[Data excerpts]
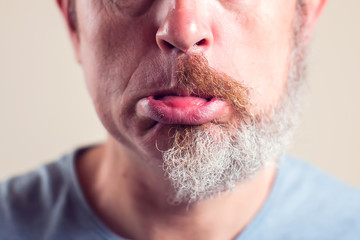 Obraz premium A portrait of man with half beard and hair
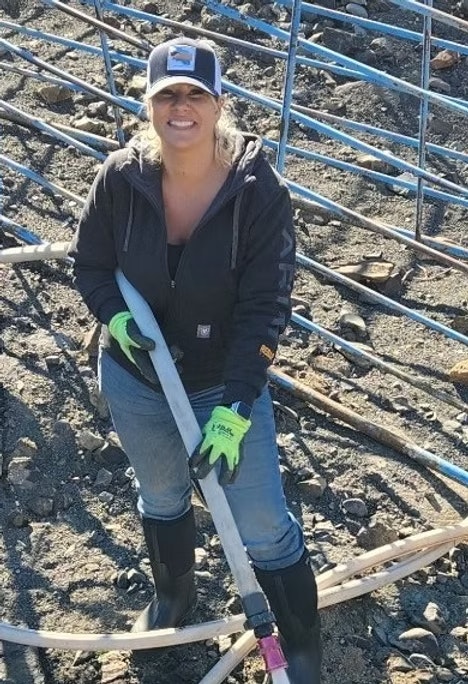A person in outdoor work clothing holding a large hose on a rocky terrain with blue tubing around.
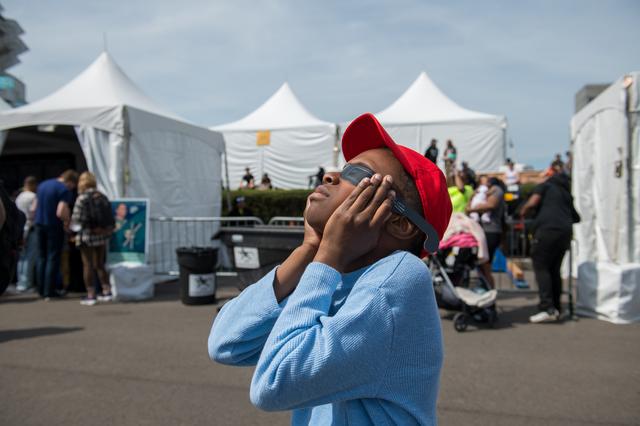 NASA image: Child Viewing the Total Solar Eclipse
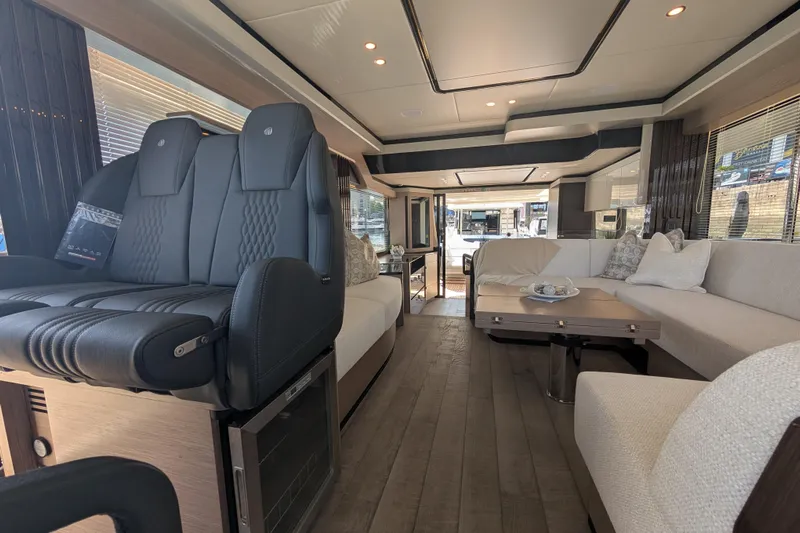 In Stock Yacht Photos Pics Luxurious interior of 2025 Absolute Navetta 53 yacht with modern seating and elegant decor.
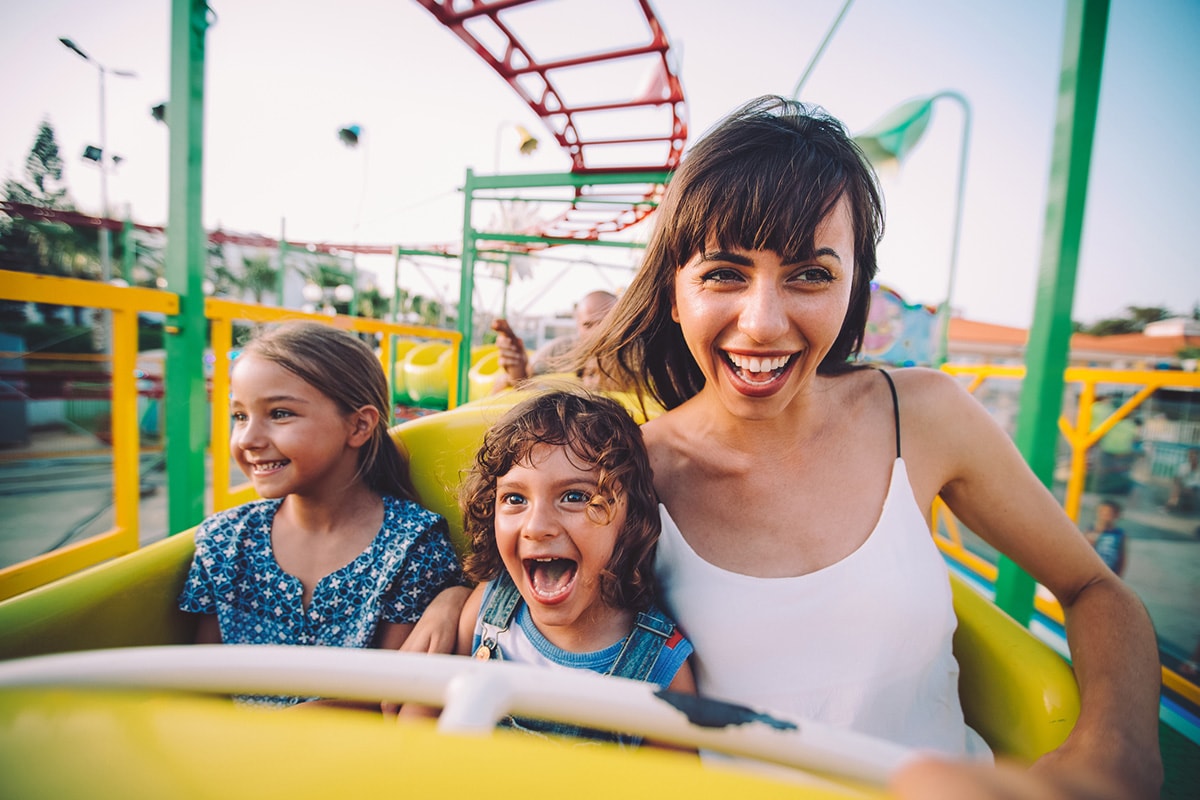 Een vrouw en twee jonge kinderen glimlachend in een achtbaan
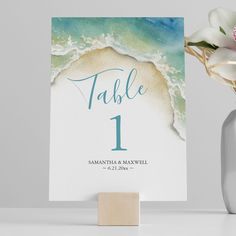 a table number card sitting next to a vase with flowers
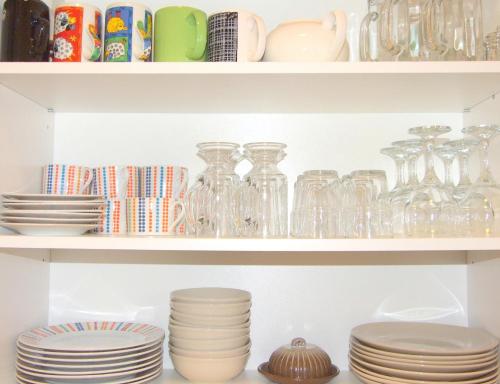 a shelf with plates and glass vases on it at Sunlit Loft Apartment Riga in Rīga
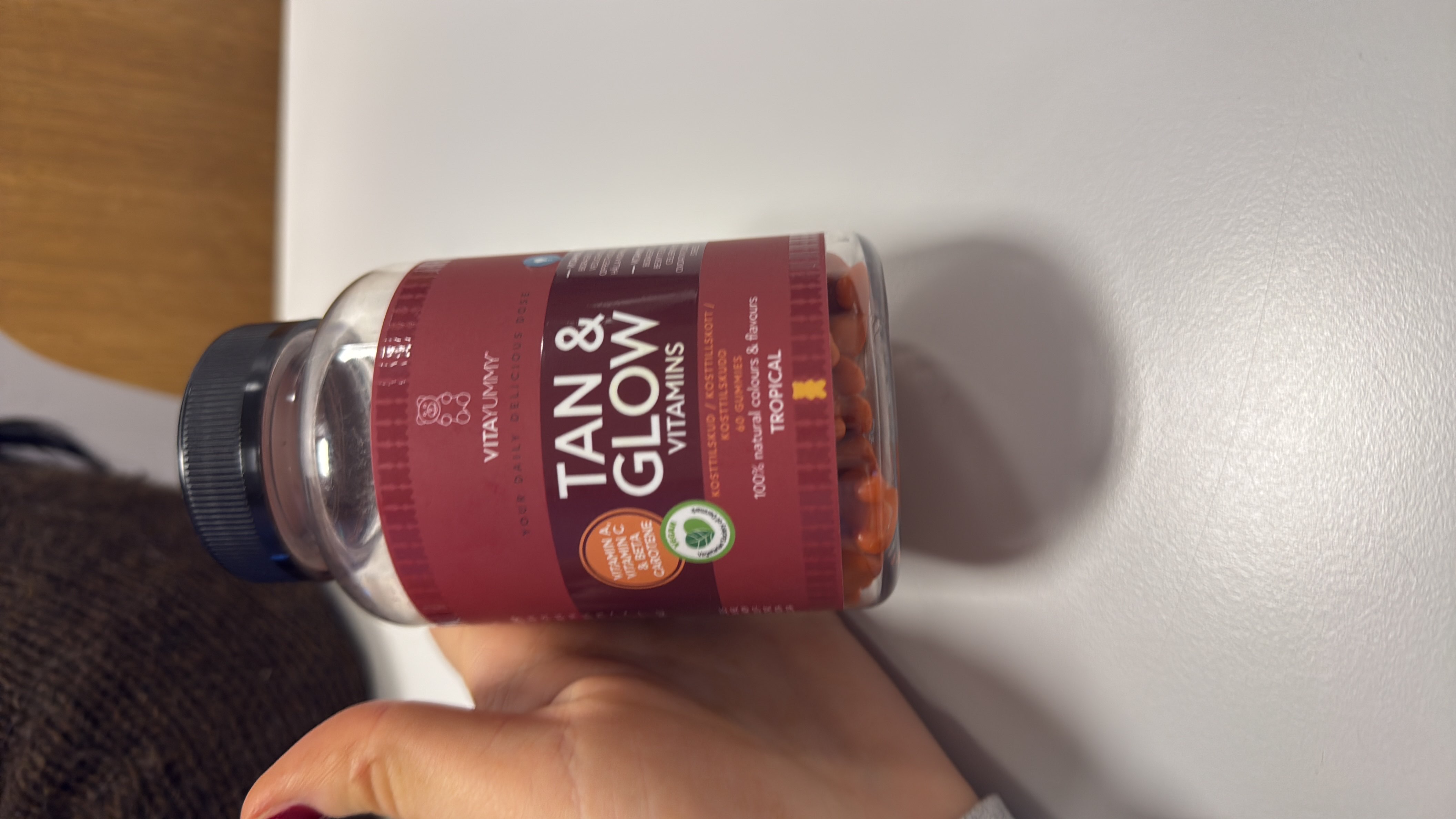 VitaYummy Tan & Glow Vitamins are tropical-flavored gummies fortified with Vitamin A, Vitamin C, and Beta Carotene, designed to support skin health and provide essential nutrients.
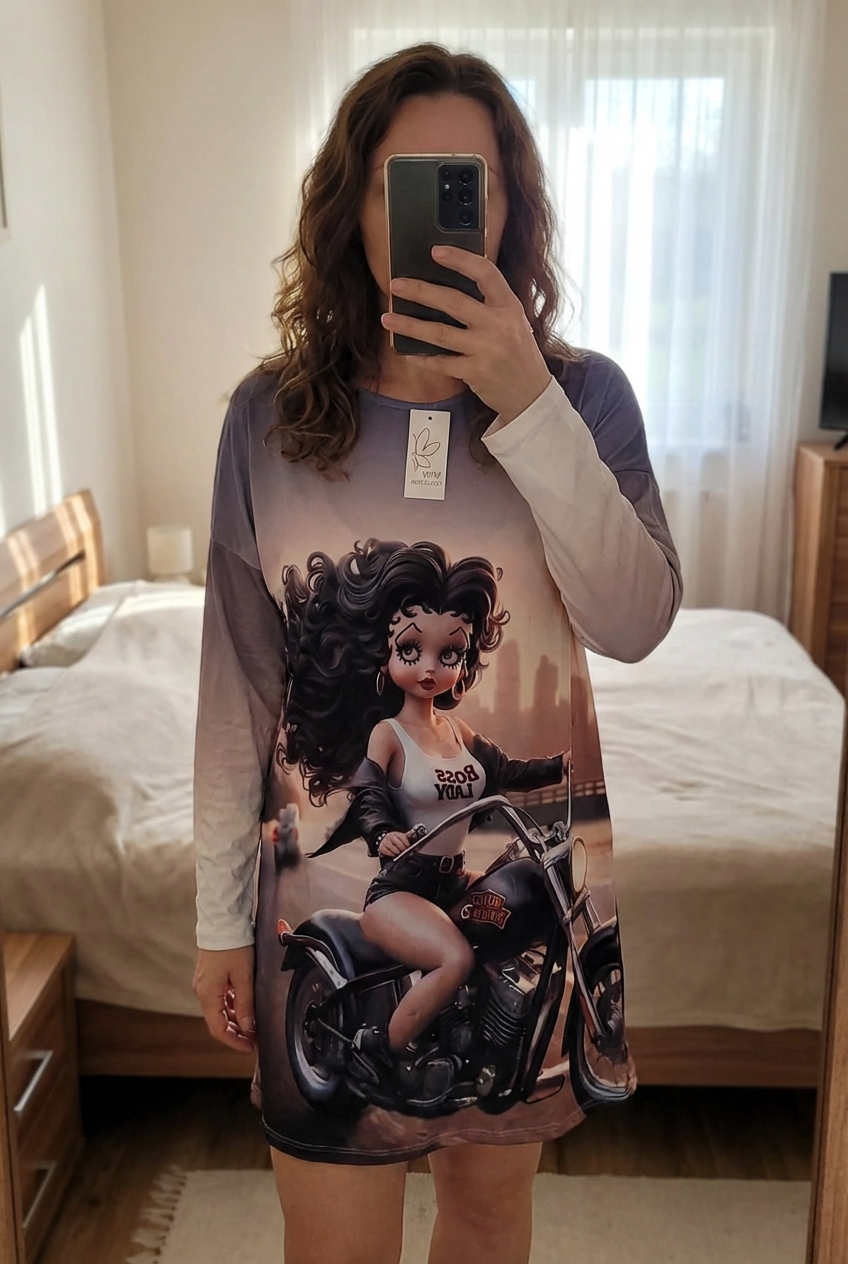 Robe betty baba grande taille debout, face à la caméra, dans une chambre à la lumière douce, avec une lumière naturelle filtrant par la fenêtre.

DIRECTIONS FOR THIS TASK :: Every line from the one holding "a table number" through the end of the records above must be reproduced verbatim, pictures excepted.

TASK RESULT ::
 a table number card sitting next to a vase with flowers
 a shelf with plates and glass vases on it at Sunlit Loft Apartment Riga in Rīga
 VitaYummy Tan & Glow Vitamins are tropical-flavored gummies fortified with Vitamin A, Vitamin C, and Beta Carotene, designed to support skin health and provide essential nutrients.
 Robe betty baba grande taille debout, face à la caméra, dans une chambre à la lumière douce, avec une lumière naturelle filtrant par la fenêtre.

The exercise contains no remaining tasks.